ASSIGNMENT: Could you transcribe exactly the lines below, from the line with "New 2026 Silver" through the line with "Girl size S", and nothing else, leaving out the pictures?

DATASET ENTRIES:

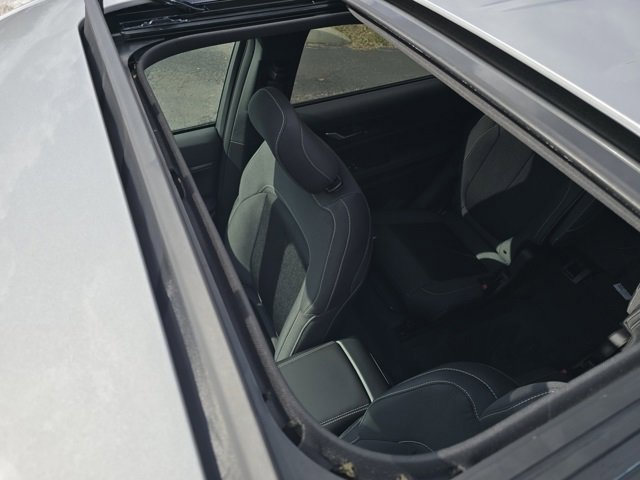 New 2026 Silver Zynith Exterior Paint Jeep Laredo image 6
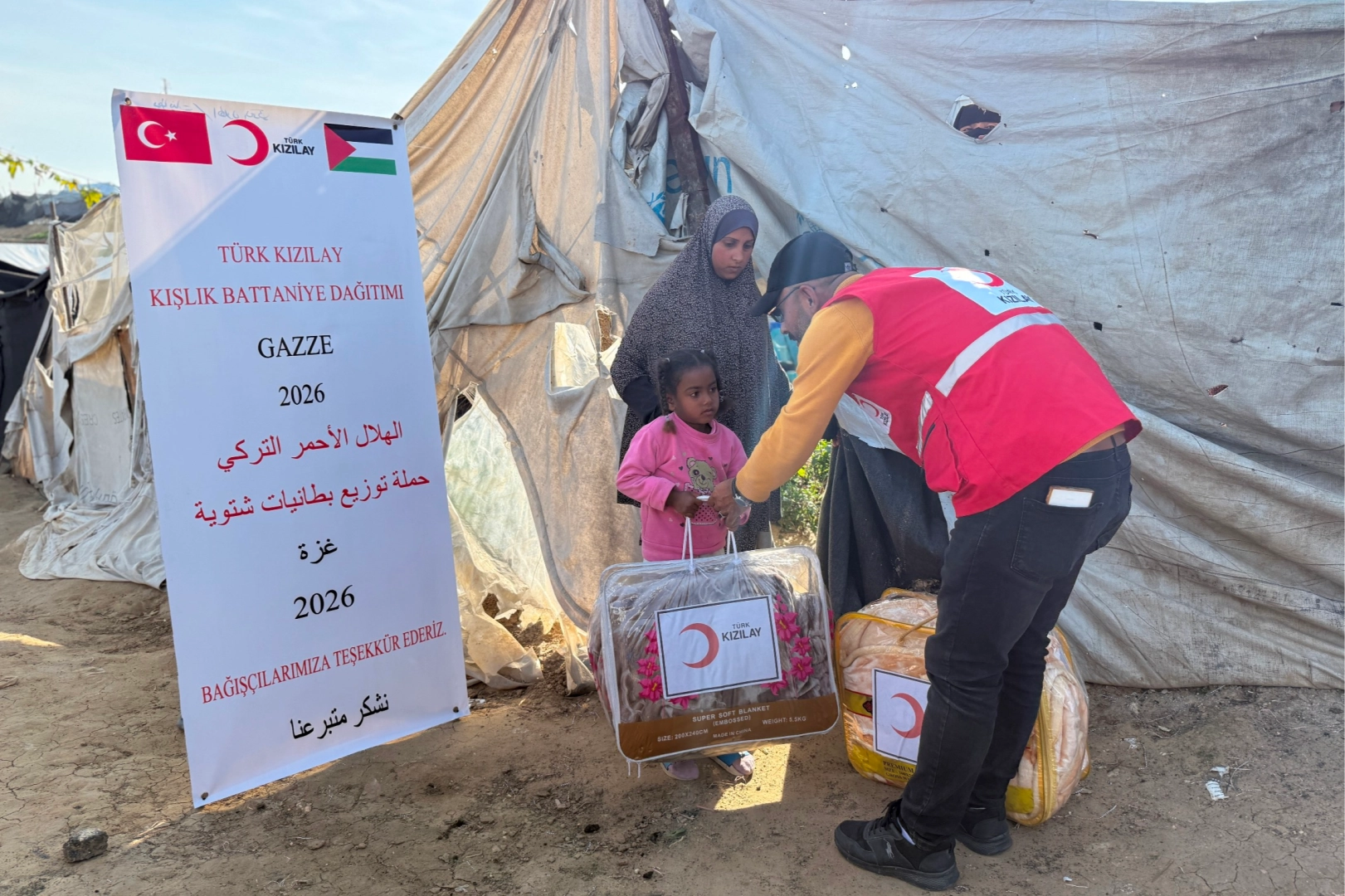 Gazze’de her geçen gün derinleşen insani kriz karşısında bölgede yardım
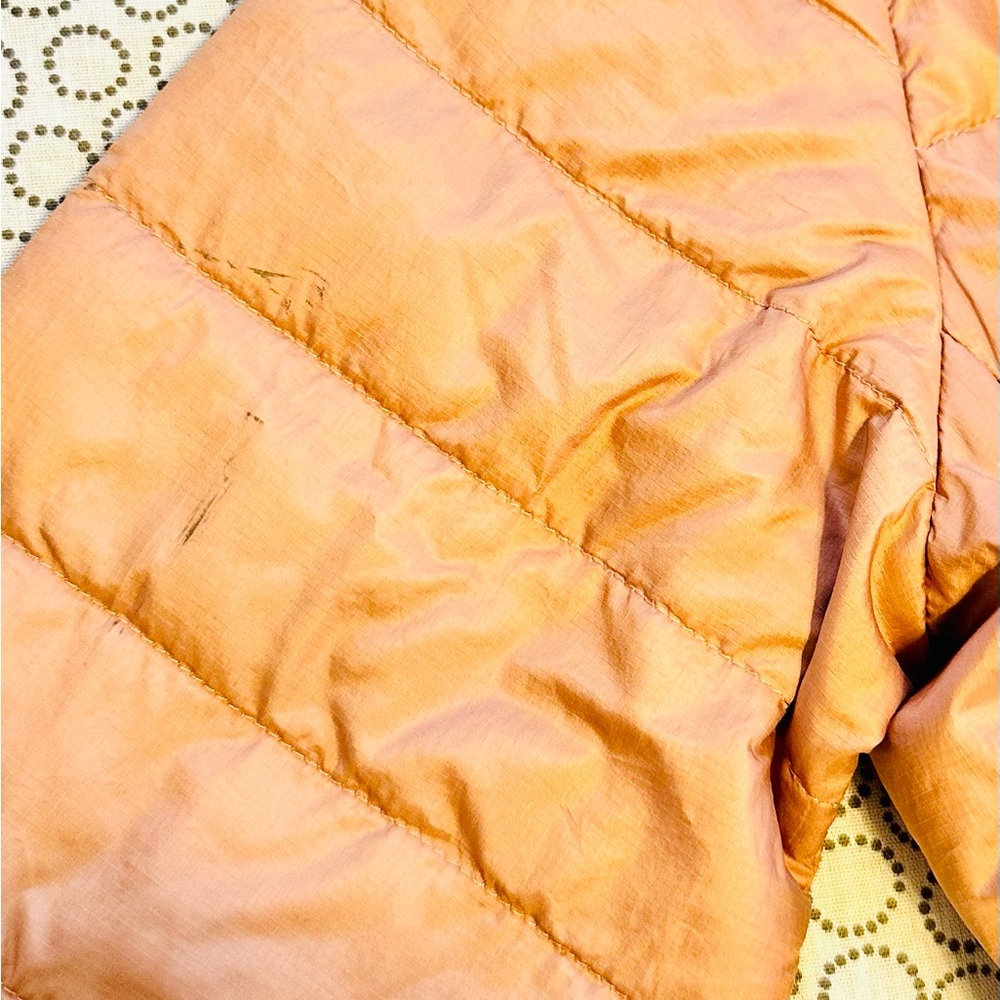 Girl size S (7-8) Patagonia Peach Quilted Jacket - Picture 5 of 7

* * *

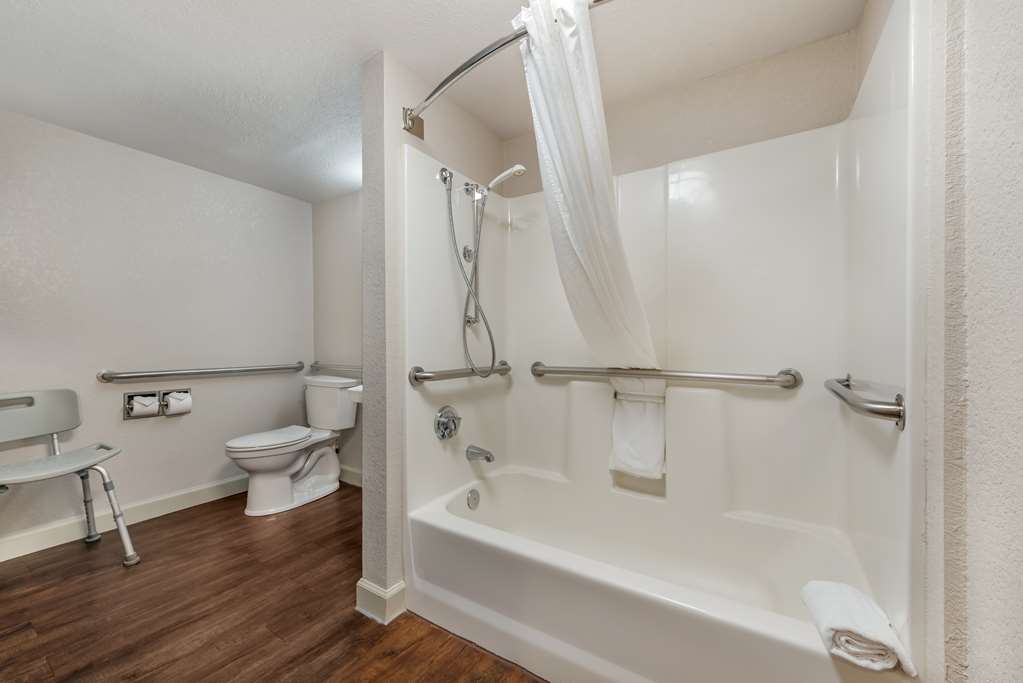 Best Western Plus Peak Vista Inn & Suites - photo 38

RESULT:
 New 2026 Silver Zynith Exterior Paint Jeep Laredo image 6
 Gazze’de her geçen gün derinleşen insani kriz karşısında bölgede yardım
 Girl size S (7-8) Patagonia Peach Quilted Jacket - Picture 5 of 7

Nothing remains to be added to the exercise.